■ **Directions**
Transcribe the records below exactly, from their first line through the line containing "xrp ripple etf yukselis". Omit every line after it.

[Entries provided — start]

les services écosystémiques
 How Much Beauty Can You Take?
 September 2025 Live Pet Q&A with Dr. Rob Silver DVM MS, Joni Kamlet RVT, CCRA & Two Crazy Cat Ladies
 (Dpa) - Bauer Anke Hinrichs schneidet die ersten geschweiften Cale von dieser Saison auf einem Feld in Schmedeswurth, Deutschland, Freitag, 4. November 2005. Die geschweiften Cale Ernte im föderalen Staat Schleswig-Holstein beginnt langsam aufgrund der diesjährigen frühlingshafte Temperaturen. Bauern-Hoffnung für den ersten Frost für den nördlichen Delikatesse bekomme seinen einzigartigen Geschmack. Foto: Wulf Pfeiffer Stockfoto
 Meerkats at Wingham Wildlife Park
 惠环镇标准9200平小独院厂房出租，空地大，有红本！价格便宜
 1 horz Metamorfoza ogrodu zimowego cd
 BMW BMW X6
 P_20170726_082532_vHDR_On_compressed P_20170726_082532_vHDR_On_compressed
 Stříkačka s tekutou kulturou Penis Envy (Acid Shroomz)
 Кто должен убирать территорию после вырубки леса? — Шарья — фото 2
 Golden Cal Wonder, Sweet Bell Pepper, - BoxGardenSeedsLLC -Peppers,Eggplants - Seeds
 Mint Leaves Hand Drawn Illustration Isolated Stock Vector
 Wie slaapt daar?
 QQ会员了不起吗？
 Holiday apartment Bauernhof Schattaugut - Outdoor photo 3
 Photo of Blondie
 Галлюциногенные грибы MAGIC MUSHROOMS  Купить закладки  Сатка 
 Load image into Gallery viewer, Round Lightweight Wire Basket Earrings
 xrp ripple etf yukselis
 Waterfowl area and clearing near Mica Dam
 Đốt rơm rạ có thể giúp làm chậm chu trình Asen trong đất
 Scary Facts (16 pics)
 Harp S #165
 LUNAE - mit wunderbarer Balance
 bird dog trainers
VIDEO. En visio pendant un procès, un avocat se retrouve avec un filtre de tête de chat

[Entries provided — finish]

■ **Problem solution**
les services écosystémiques
 How Much Beauty Can You Take?
 September 2025 Live Pet Q&A with Dr. Rob Silver DVM MS, Joni Kamlet RVT, CCRA & Two Crazy Cat Ladies
 (Dpa) - Bauer Anke Hinrichs schneidet die ersten geschweiften Cale von dieser Saison auf einem Feld in Schmedeswurth, Deutschland, Freitag, 4. November 2005. Die geschweiften Cale Ernte im föderalen Staat Schleswig-Holstein beginnt langsam aufgrund der diesjährigen frühlingshafte Temperaturen. Bauern-Hoffnung für den ersten Frost für den nördlichen Delikatesse bekomme seinen einzigartigen Geschmack. Foto: Wulf Pfeiffer Stockfoto
 Meerkats at Wingham Wildlife Park
 惠环镇标准9200平小独院厂房出租，空地大，有红本！价格便宜
 1 horz Metamorfoza ogrodu zimowego cd
 BMW BMW X6
 P_20170726_082532_vHDR_On_compressed P_20170726_082532_vHDR_On_compressed
 Stříkačka s tekutou kulturou Penis Envy (Acid Shroomz)
 Кто должен убирать территорию после вырубки леса? — Шарья — фото 2
 Golden Cal Wonder, Sweet Bell Pepper, - BoxGardenSeedsLLC -Peppers,Eggplants - Seeds
 Mint Leaves Hand Drawn Illustration Isolated Stock Vector
 Wie slaapt daar?
 QQ会员了不起吗？
 Holiday apartment Bauernhof Schattaugut - Outdoor photo 3
 Photo of Blondie
 Галлюциногенные грибы MAGIC MUSHROOMS  Купить закладки  Сатка 
 Load image into Gallery viewer, Round Lightweight Wire Basket Earrings
 xrp ripple etf yukselis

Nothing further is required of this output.